Démagogie périlleuse
Les annonces sont résolument belles, mais la légère embellie de la fin-novembre 2014 qui a permis de dégager 155 milliards de francs CFA pour le paiement de la dette intérieure va être démontée par la chute vertigineuse des cours du pétrole. Mais vaut-il la peine de faire ces belles annonces, alors que l’on ne sait pas encore jusqu’où la crise pétrolière va plonger les recettes budgétaires de l’Etat ? Les promesses présidentielles sont absolument alléchantes, mais fallait-il les faire alors que la diversification économique n’en est qu’à ses balbutiements, selon les propres termes d’Ali Bongo ?
Au final, la question reste la même : Quels sont les secteurs qui vont subir des coupes ? Il en faut pour ne pas donner l’impression de déséquilibrer les ressources budgétaires.
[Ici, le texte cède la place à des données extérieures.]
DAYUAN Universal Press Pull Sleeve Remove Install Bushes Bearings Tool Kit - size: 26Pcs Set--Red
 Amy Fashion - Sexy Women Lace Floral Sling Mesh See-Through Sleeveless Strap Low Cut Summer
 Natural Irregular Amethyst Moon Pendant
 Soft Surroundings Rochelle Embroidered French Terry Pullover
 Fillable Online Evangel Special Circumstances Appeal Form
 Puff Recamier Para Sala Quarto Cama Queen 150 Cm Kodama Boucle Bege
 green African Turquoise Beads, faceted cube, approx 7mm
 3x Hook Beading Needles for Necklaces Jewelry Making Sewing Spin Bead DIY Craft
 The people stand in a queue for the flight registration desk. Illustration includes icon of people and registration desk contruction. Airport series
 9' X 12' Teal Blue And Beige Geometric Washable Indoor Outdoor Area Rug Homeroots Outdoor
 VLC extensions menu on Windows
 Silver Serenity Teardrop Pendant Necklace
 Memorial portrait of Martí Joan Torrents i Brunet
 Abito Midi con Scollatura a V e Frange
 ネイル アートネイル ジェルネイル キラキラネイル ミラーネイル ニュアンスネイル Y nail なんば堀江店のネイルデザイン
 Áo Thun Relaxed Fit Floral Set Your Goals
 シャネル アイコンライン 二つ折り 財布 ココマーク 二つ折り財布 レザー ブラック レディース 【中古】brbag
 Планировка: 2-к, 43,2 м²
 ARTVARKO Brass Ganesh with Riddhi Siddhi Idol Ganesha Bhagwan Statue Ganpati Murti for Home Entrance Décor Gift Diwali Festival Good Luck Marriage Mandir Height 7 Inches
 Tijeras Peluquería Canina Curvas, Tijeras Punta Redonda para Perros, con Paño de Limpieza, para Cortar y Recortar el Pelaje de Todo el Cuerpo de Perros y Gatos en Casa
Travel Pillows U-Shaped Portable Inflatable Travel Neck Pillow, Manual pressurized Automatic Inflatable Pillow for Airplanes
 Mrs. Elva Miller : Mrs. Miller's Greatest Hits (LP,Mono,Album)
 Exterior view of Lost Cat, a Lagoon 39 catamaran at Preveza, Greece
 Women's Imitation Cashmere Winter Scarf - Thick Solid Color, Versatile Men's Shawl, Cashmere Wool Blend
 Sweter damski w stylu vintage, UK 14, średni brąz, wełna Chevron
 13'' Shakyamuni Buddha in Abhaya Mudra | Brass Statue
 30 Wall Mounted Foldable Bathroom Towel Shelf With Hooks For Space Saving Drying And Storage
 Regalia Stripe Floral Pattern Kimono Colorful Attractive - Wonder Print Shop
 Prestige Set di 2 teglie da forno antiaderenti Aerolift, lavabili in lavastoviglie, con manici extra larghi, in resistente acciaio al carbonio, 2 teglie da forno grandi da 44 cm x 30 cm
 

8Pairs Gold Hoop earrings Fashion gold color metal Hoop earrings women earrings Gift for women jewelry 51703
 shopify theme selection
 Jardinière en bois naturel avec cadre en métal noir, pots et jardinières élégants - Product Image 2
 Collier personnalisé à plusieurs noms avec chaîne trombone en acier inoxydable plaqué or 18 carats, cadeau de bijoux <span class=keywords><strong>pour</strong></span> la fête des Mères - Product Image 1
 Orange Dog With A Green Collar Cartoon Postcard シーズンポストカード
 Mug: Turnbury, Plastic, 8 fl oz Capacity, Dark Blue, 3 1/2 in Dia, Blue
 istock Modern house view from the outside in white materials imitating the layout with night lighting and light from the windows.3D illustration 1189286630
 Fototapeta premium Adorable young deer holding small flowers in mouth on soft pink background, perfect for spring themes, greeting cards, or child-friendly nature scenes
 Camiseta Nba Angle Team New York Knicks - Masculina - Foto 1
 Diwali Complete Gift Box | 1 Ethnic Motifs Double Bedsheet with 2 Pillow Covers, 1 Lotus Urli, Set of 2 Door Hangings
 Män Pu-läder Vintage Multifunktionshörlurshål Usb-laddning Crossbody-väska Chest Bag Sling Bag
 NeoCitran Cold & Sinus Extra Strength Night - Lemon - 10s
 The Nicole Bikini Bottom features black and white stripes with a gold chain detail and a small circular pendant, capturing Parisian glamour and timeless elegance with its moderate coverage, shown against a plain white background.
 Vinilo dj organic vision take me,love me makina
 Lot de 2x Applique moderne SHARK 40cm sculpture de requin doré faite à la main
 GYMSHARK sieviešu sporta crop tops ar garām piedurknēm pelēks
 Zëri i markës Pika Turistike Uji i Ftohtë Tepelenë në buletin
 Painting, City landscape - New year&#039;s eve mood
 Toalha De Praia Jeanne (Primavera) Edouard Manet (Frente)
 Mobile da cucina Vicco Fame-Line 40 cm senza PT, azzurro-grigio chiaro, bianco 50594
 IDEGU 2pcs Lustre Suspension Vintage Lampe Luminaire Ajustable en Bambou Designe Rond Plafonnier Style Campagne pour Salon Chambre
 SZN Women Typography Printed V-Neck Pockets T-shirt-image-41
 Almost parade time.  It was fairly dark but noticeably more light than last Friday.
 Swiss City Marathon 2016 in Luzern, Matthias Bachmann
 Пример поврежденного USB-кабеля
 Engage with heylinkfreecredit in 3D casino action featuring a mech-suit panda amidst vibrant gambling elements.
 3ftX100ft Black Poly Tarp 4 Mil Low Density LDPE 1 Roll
Il faut en convenir : le discours du 31 décembre englobait trop de promesses, trop d’annonces, alors que la réalité est autrement plus difficile. Où est donc passée la sobriété d’Ali Bongo ? Où est passé le sens des réalités du chef de l’Etat ? Trop de démagogie tue… l’espérance. La flatterie à l’égard du peuple est intellectuellement intéressante, mais socialement périlleuse.